The FNAUT (National Federation of Transport User Associations) and the AUTAUT association advocate for the reopening of an auto-train service on major French routes, including Paris-Marseille. Their advocacy is based on a study published in December 2024 by The Shift Project.
This study concludes that the auto-train presents a significant climate benefit for journeys over 600 km. Paris-Marseille, with its approximately 775 km by road, fully falls into this category.

The analysis goes beyond a simple price comparison of the ticket. It incorporates the full cost to society: CO2 emissions, local pollution, road congestion. According to this report, the overall cost of an auto-train would be lower than that of individual car travel for most family configurations on a route like Paris-Marseille.
Why does this data matter? Because most online comparisons only consider the price paid by the traveler (ticket versus fuel and tolls). This approach ignores the costs borne by society, which ultimately weigh on public finances and thus on taxpayers.
Barriers to reopening
Reviving such a service requires heavy investments: acquiring new car-carrying wagons, adapting loading platforms at stations, and especially securing available rail paths on a network already saturated during peak hours.

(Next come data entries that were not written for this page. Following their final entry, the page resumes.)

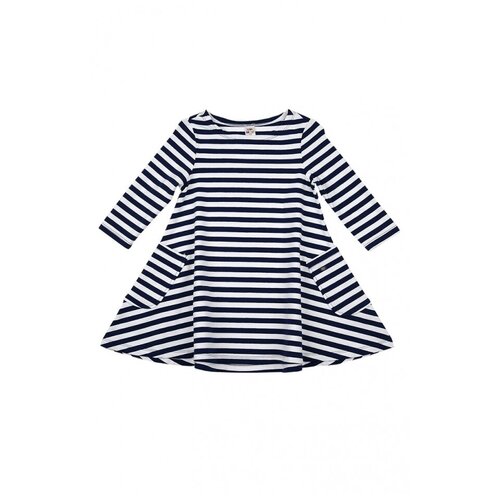 Платье Mini Maxi, модель 4982, цвет белый/темно-синий, размер 128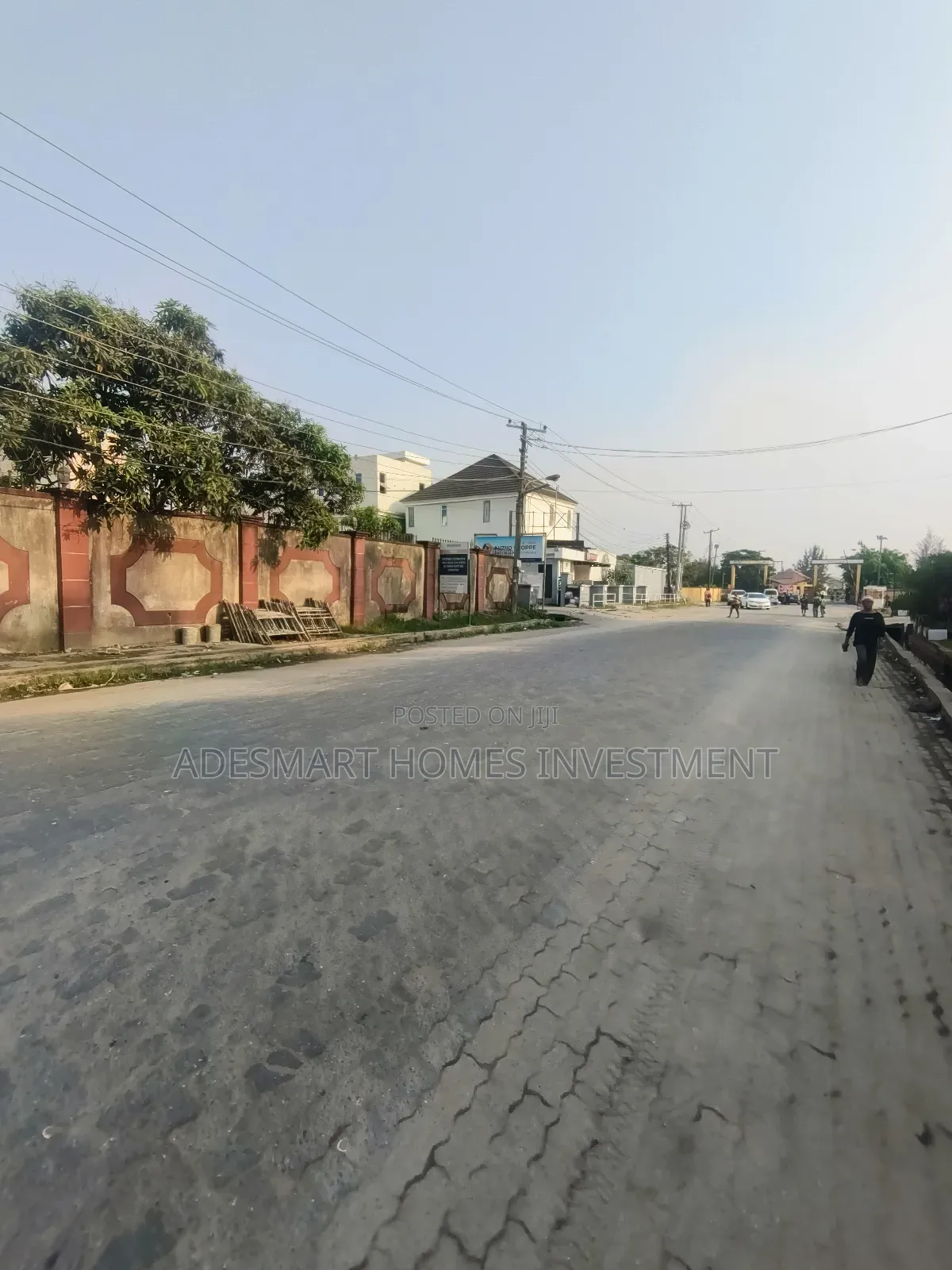 1485sqm of Conner Piece Land With Fencing at Badore Ajah in Badore
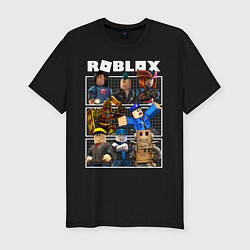 Футболка slim-fit ROBLOX, цвет: черный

No official timeline has been announced by SNCF or the Ministry of Transport. The project remains at the study and advocacy stage.

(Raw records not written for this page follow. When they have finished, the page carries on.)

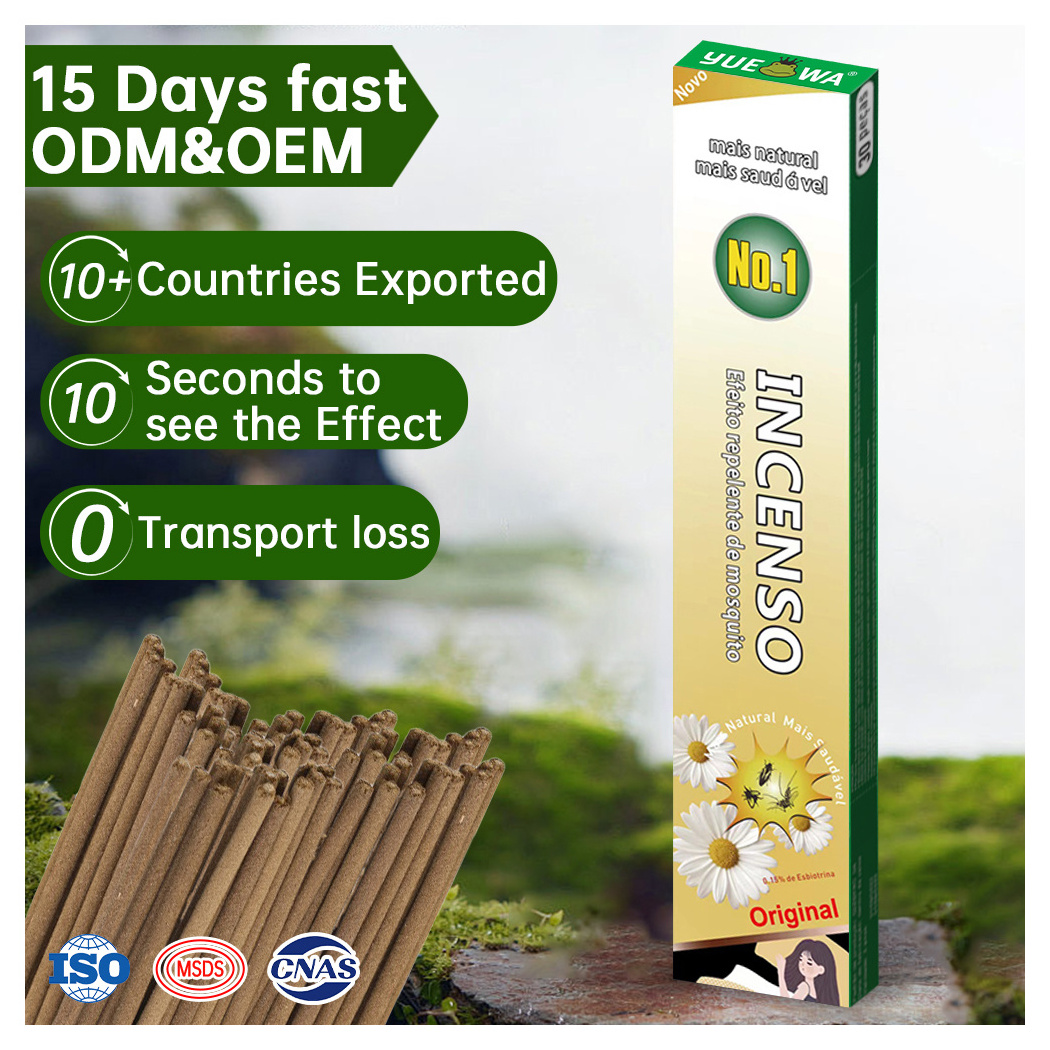 High Burning Stability Powerful Outdoor Disposable Long Lasting Effect Sandalwood Pest Control Mosquito Repellent Stick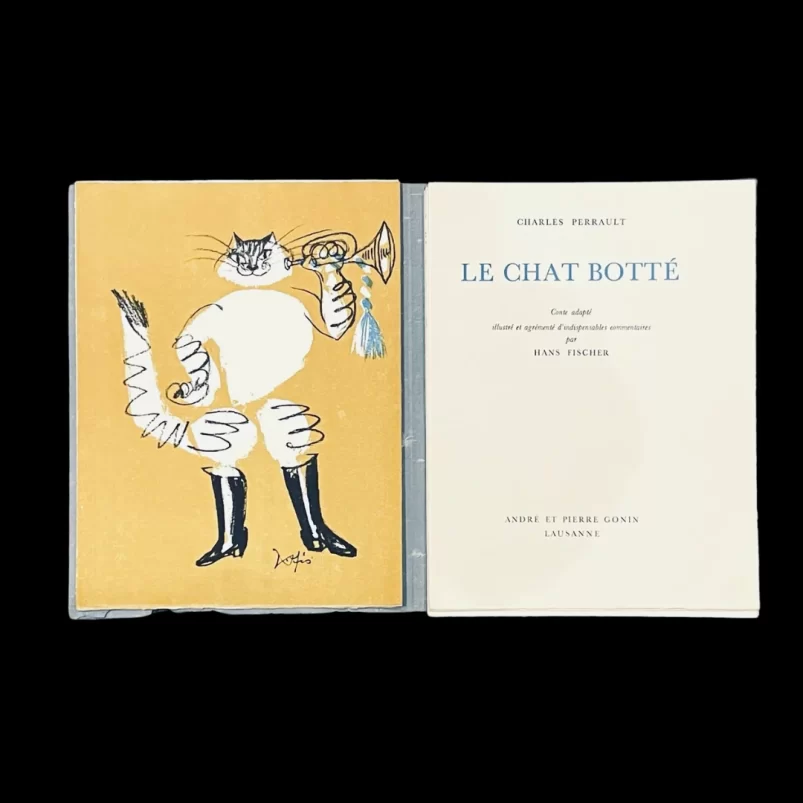 Chat Botte Puss In Boots Charles Perrault Hans Fischer Pierre Gonin Signed Limited Edition Illustrated Folio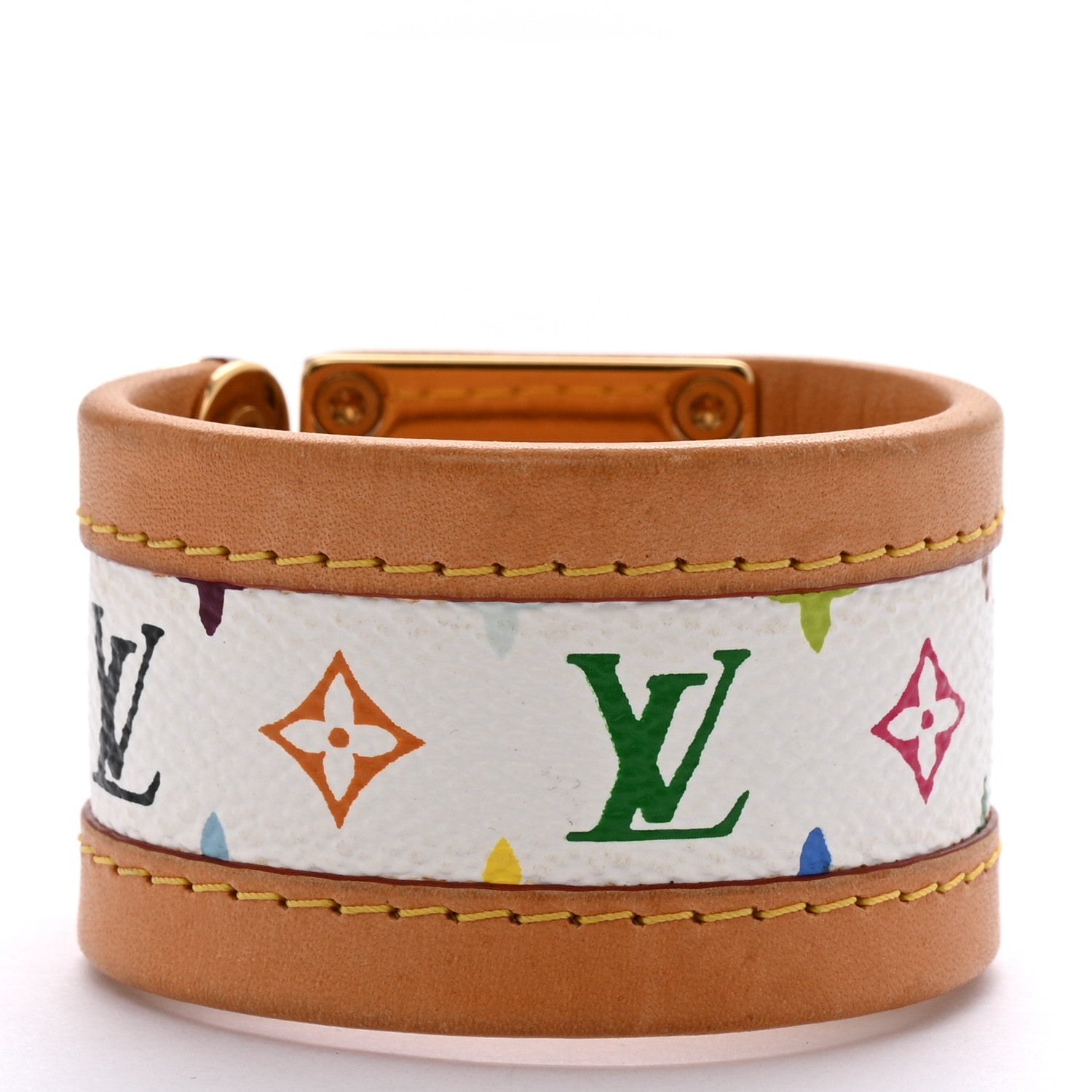 Louis Vuitton Monogram Multicolor S Lock Bracelet White 3 of 6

Comparing options for a Paris-Marseille trip with your car
While waiting for a possible revival, here are the available solutions for traveling with your vehicle between Paris and Marseille:
- Hiflow via SNCF Connect: vehicle transport by a driver, you take the train on your side. Booking on the SNCF Connect website
- Personal driving: A6 then A7 highway, with tolls and fuel. Expect several hours of driving depending on traffic
- Train only plus local rental: TGV Paris-Marseille in a few hours, then renting a vehicle upon arrival if necessary
The choice depends on the length of stay. For a week or more in the south, having your own car on-site justifies the extra cost of transport. For a long weekend, local rental will often be simpler and cheaper.
The auto-train service as it existed may not return in its historical form. The work of FNAUT and the Shift Project shows that the need remains real, but the response now involves hybrid formulas that combine rail transport and road conveyance.